§ PROBLEM TO SOLVE: Write the listing out again word for word. Pictures do not belong in the copy.

§ THE DATA:
——————

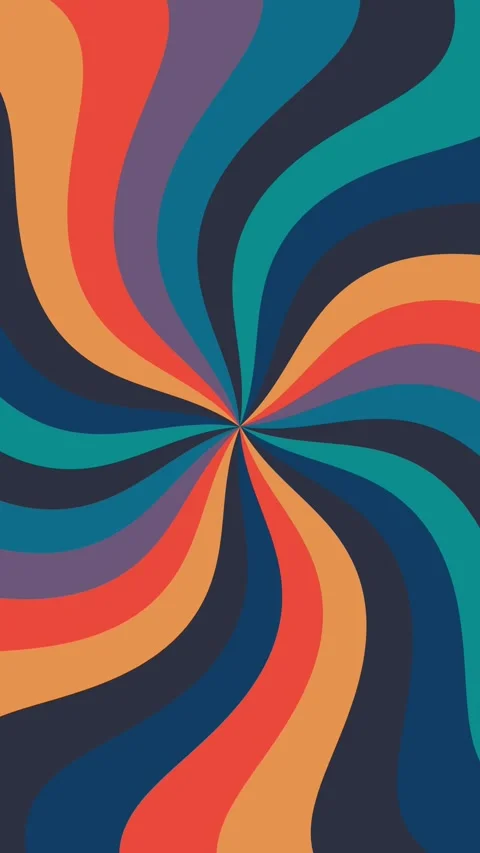 Modern trippy vertical moving stripes animation background Stock Footage 335194428
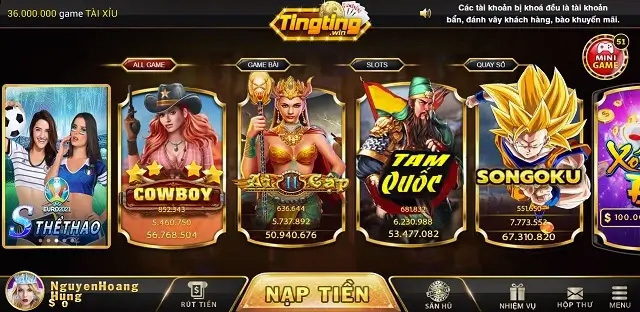 Thiên đường game bài đổi thưởng Tingting Win - Ảnh 2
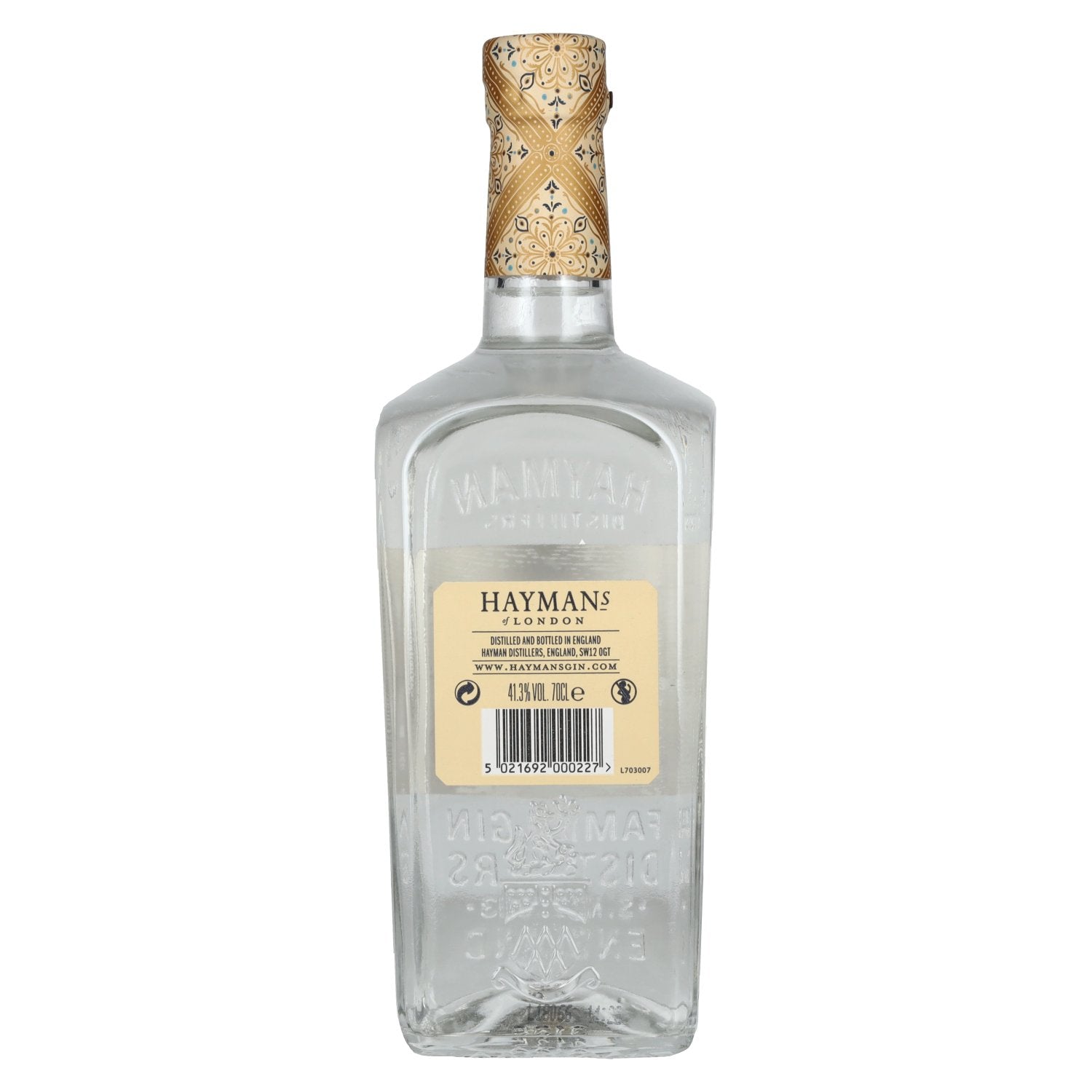 Hayman's of London GENTLY RESTED GIN 41,3% Vol. 0,7l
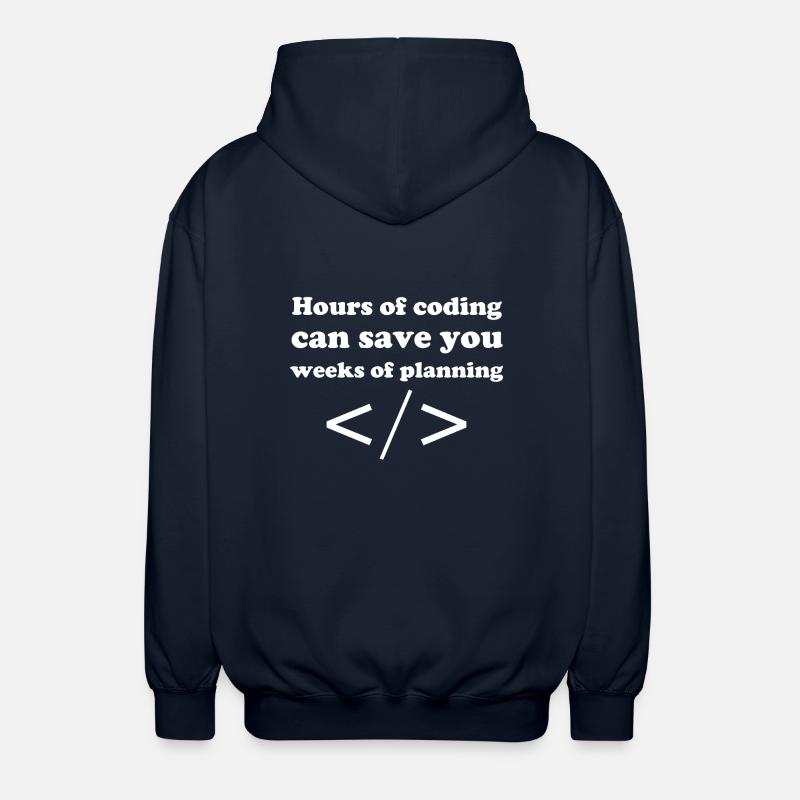 Coding - Unisex Hooded Jacket - navy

——————

§ REPLY TO THE TASK:
 Modern trippy vertical moving stripes animation background Stock Footage 335194428
 Thiên đường game bài đổi thưởng Tingting Win - Ảnh 2
 Hayman's of London GENTLY RESTED GIN 41,3% Vol. 0,7l
 Coding - Unisex Hooded Jacket - navy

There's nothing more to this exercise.